---- Supplied material
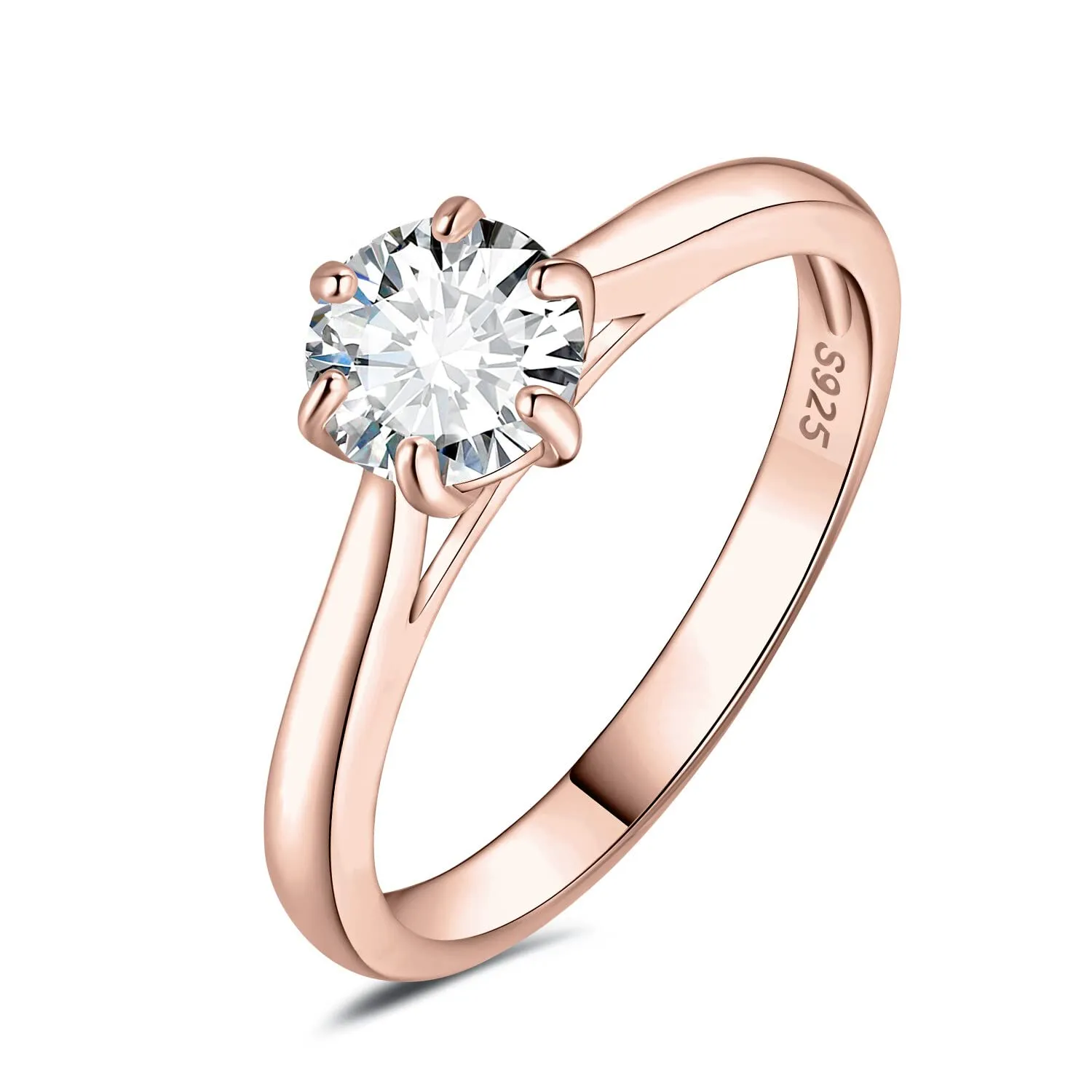 JewelryPalace 0.5ct Classic Anello Solitario Donna Argento 925 Moissanite Oro Rosa, Taglia 14.5 - immagine 1
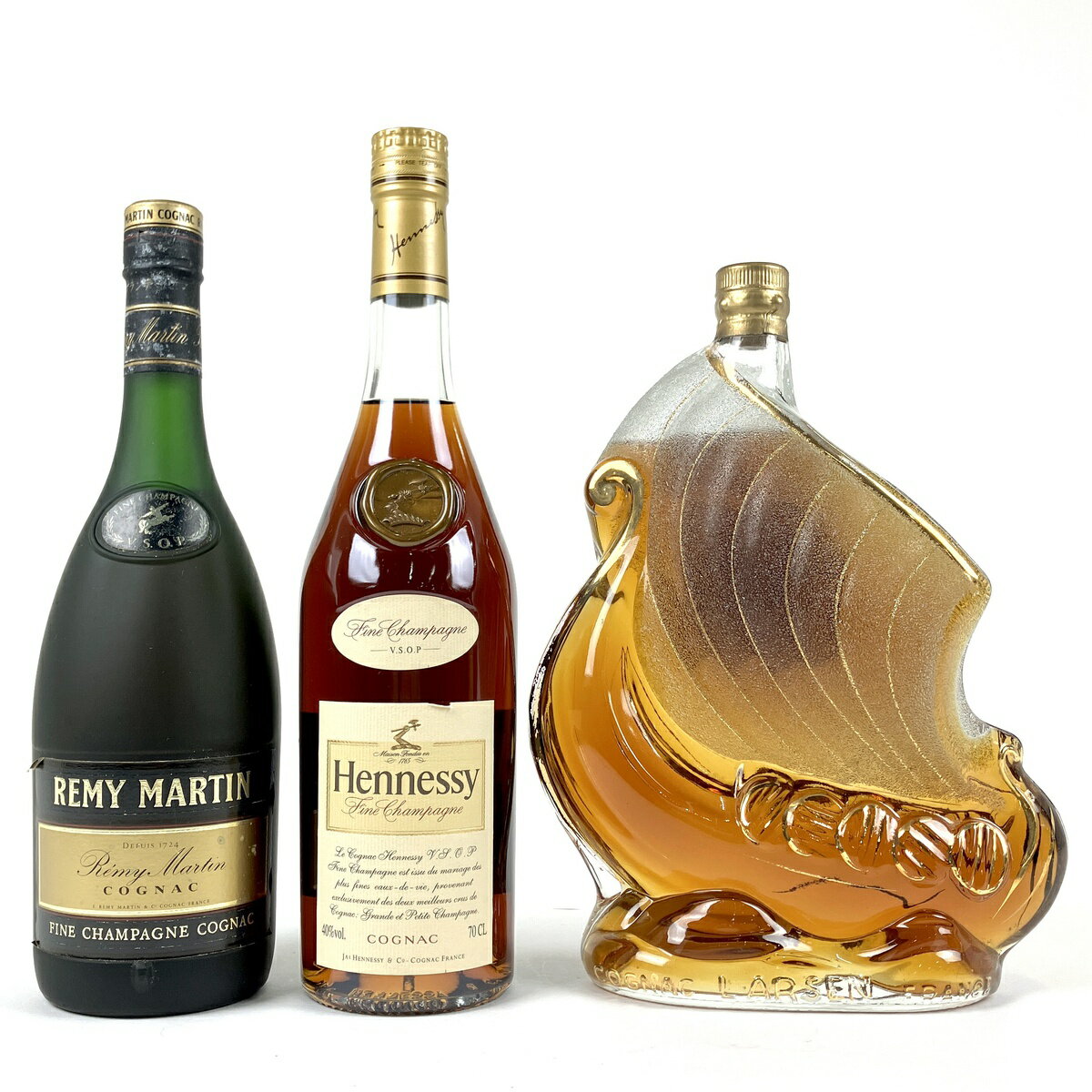 3本 REMY MARTIN Hennessy LARSEN コニャック ブランデー セット 【中古】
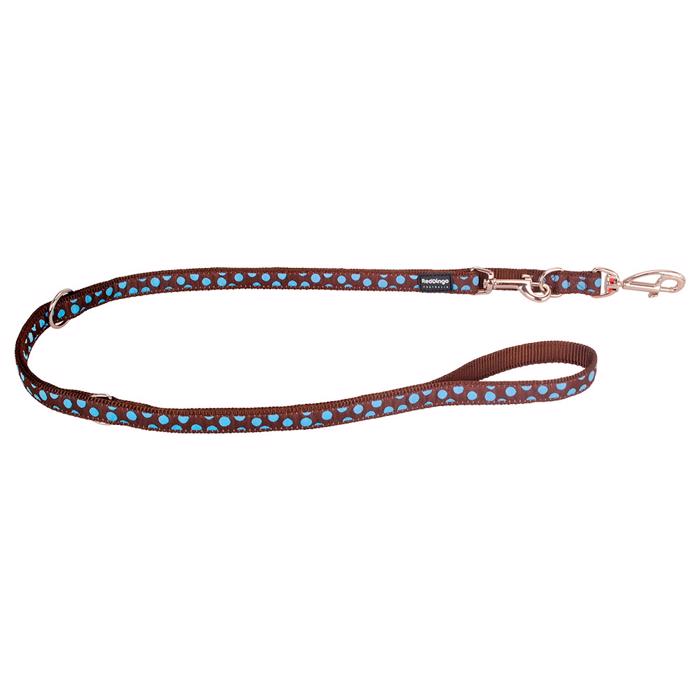 Red Dingo Classic Hundkoppel Brun med blå prickar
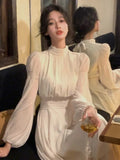 Amozae-Christmas Outfit New Year's Eve Dress party look inspos 2024 Autumn Turtleneck Solid Midi Dress Women Long Sleeve French Elegant One Piece Dresses Spring Korean Fashion Y2k Clothing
--------
> Work request: Could you write out verbatim only those lines that run from the line containing "Red Dingo Classic" through the end of the listing above, both included, without the pictures?

> Problem solution:
 Red Dingo Classic Hundkoppel Brun med blå prickar
 Amozae-Christmas Outfit New Year's Eve Dress party look inspos 2024 Autumn Turtleneck Solid Midi Dress Women Long Sleeve French Elegant One Piece Dresses Spring Korean Fashion Y2k Clothing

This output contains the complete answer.